Lana Harvey is an 8th generation "reaper"--not THE Grim Reaper (he's the boss), but one of many reapers tasked with collecting souls and transporting them to one of many versions of the afterlife that best suits the soul. Eternity, as it turns out, is a place where all faiths, from Christianity, to Islamic, to Chinese, to Greek, to Egyptian, all co-exist after death. A treaty has kept them peaceful and cooperative. Lana makes it no secret that she hates her job and collects the bare minimum amount of souls to stay employed, while occasionally bending the rules to give souls a better afterlife. But her normal "clock in/clock out" existence is soon rattled when Grim suddenly gives her a promotion--tasking her with finding a very special soul in particular. And when she's soon attacked by demons and dealing with gods, angels, demons, and spirits plotting and scheming behind the scenes, Lana will come to discover that she's no ordinary reaper....and that the fate of Eternity is in her hands.
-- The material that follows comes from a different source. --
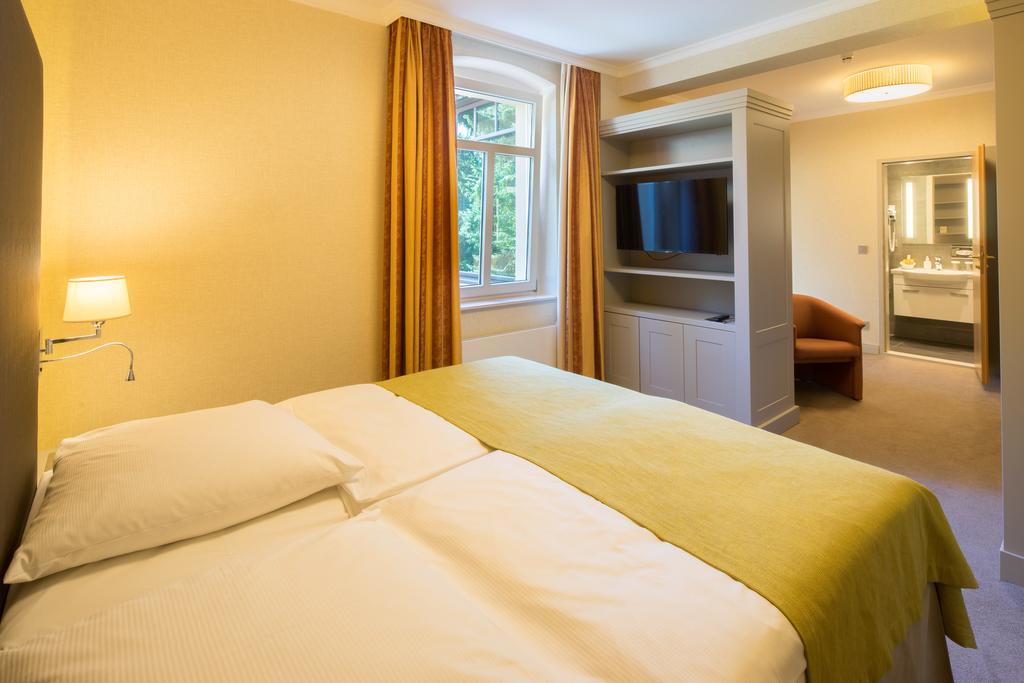 Parkhotel Gueldene Berge Weißenfels Exteriér fotografie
This novel, I feel, is one of the best examples of a "mixed bag". For every good thing it does, there's something equally weird or cringe-worthy to go against it. Really, the best part of the book is Lana herself. She can be a bit frosty to people and will look for any excuse to get out of doing work, but she's never outright nasty to anyone and DOES care for her small circle of friends (including an angel and (later) demon boyfriend, two hellhounds, a no-nonsense fellow reaper, and her young apprentice that was unceremoniously dumped on her). And once she gets unwillingly swept up in all the political intrigue, it's easy to feel just as frustrated as she does.
As for Eternity, it's a well-thought out setting that's really interesting in how it works, with different religions having their own section of the afterlife and mingling with each other. Having prior knowledge of some of these myths and sections of faith helps, but it isn't required--they're all explained clear enough to follow along. However, with a large chunk of the book being devoted to world building, it comes at the sacrifice of having the real plot take a long time to get going. The few "action scenes" are executed well, but you'll have to sit through a ton of scenes of the characters dating, going on shopping sprees, and planning their vacation trip to Hell (literally, not figuratively).
And admittedly, this mixing of beliefs and attempts at dark comedy can make certain scenes uncomfortable, like archangel Gabriel getting a demon girlfriend, or Jesus coming to a party where Egyptian gods and the Devil himself is also in attendance, or the Holy Spirit actually being called "Holly Spirit" and chewing out a confused soul with lines like, "I'll talk to my brother [God] however I damn want." Though it also leads to some admittedly funny moments, like Lana dealing with the recently deceased and their endless questions, and dialogue like, "I can't die yet! I got a casserole in the oven!" I'm all for equality and religious freedom....just....be prepared to have a REALLY open mind going into this.
While there was enough to keep me going until the end, I've found this book (and series) just isn't for me. It's definitely for certain tastes. If you like weird and quirky settings, dark comedy, and don't mind seeing virtually every religion turned on its head, then by all means, give it a go.